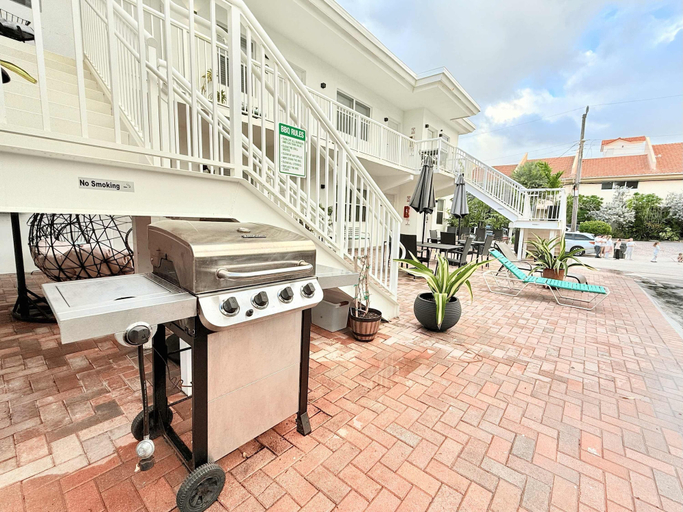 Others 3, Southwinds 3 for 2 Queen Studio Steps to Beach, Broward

...

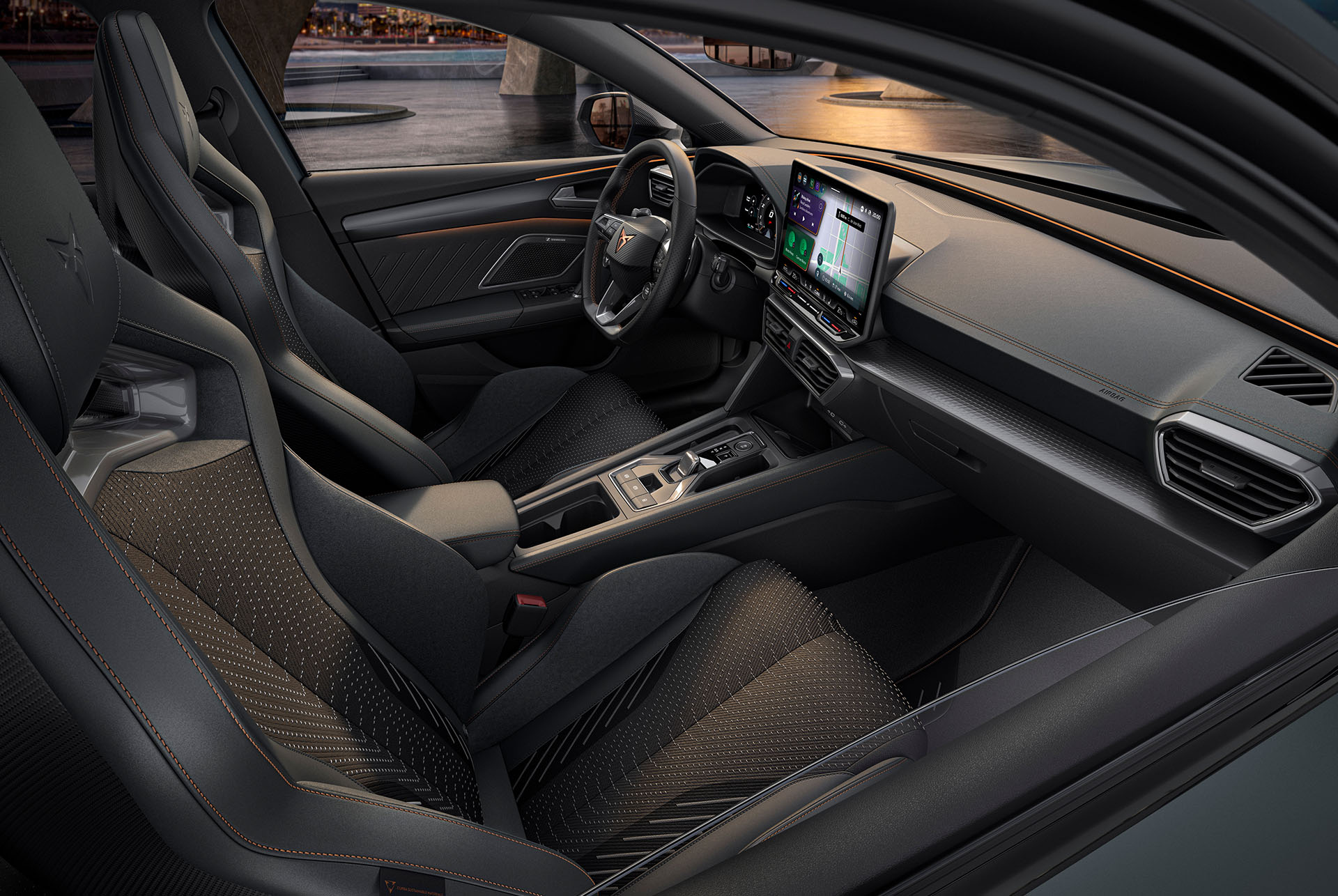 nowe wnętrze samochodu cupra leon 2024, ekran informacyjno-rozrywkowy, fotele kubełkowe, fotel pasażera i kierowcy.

--

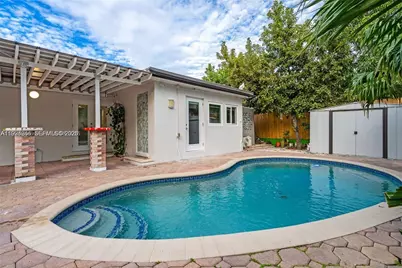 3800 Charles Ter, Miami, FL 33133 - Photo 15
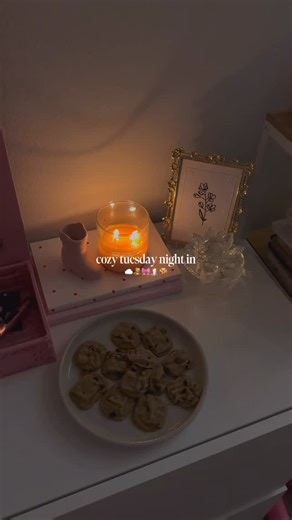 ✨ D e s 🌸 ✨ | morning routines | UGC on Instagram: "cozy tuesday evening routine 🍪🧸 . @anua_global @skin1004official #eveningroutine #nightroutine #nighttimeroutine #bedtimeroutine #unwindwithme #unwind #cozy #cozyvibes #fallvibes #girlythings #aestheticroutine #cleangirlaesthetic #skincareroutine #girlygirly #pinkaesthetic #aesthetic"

The task: Taking the material above, give again exactly the lines from the one holding "3800 Charles Ter, Miami, FL 33133 - Photo 15" through the one holding "morning routines |", with both ends and without pictures.

Exercise solution:
 3800 Charles Ter, Miami, FL 33133 - Photo 15
 ✨ D e s 🌸 ✨ | morning routines | UGC on Instagram: "cozy tuesday evening routine 🍪🧸 . @anua_global @skin1004official #eveningroutine #nightroutine #nighttimeroutine #bedtimeroutine #unwindwithme #unwind #cozy #cozyvibes #fallvibes #girlythings #aestheticroutine #cleangirlaesthetic #skincareroutine #girlygirly #pinkaesthetic #aesthetic"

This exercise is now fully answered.